Hotel Artemis Review

Hotel Artemis had all the makings of being a cult hit like John Wick, but in the end it just doesn’t quite come together. The movie is filled with so many interesting characters and ideas that it really hurts when the whole turns out to be less than the sum of the parts. Still, the movie is entertaining throughout and while it leaves you wondering about what might have been, there isn’t a whole lot about what it is to dislike.

The Hotel Artemis is a near future hospital for criminals. It has strict rules about admittance and membership. When a bank robbery goes wrong, a pair of brothers show up at the hospital, taking on the names of their rooms, Waikiki and Honolulu. The Hotel is run by Nurse and her assistant Everest, who rigorously enforce the rules, as show by Everest kicking out one of the brothers’ accomplices who is not a member. Also at the Artemis is a nasty little man called Acapulco and and Waikiki’s former lover Nice, an assassin. As they enter, riots break out in the streets, which leads to Nurse breaking her own rules to take in a cop that was a friend of her son, only to find that the Artemis’s benefactor, The Wolf King, is coming to have some injuries tended.

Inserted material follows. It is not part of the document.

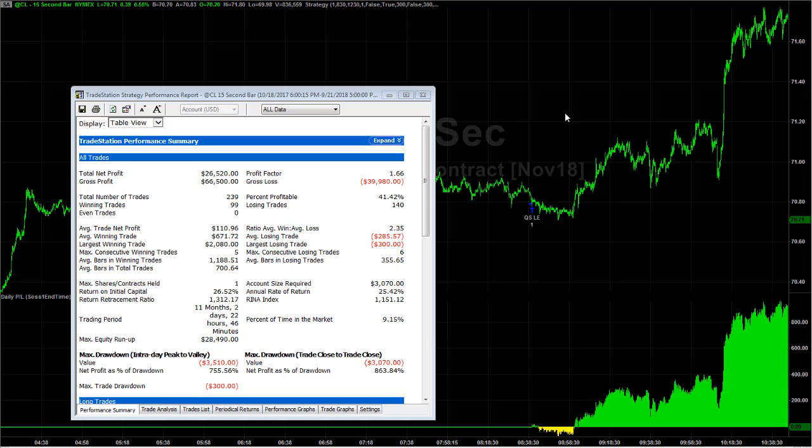I have a crude oil strategy that back tests for almost a year on 15-second charts. The market trades differently than it did five years ago or three years ago. There are some micro price movements, and some of the patterns we used even 10 years ago sometimes work better on smaller time frames. The opposite of those patterns from 10 years ago now, because we're in such a mean-reverting market.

The plot keeps building and the view is stuck waiting for a explosion that never really comes. It helps that the cast is amazing. Jodie Foster plays Nurse and instills in her a marvelous combination of vulnerability and competence. Dave Bautista is Everest and doesn’t really press his range in being large and intimidating, but does it so well. The same is true for Charlie Day as Acapulco, who is at his snide, insufferable best. Sterling Brown as Waikiki is the solid center for all the rest of this to build around and Sofia Boutella is great as the mysterious Nice. Lastly, Jeff Goldblum shows up near the end to play the amiable, but dangerous Wolf King.

For most of its runtime, Hotel Artemis keeps adding wrinkles to its plot. There are the riots; there are stolen diamonds; there is a planned assassination; there is Nurse’s past; there Honolulu’s drug problems; and there is the Wolf King’s angry son. You can feel the tension ratcheting higher and higher as everyone starts to break the rules and become compromised. Then it ends. It feels like there should be another act, or at least another scene, but instead it builds to something of an anticlimax.

Until the end, I would say that I loved Hotel Artemis. It is creative and wild and interesting. But it feels like it didn’t know what to once it had introduced everything. So it just sort of let each of its little plots come to their own little resolution without any of it coming together in a meaningful way. It leaves you not so much wanting more, but wishing it had been more.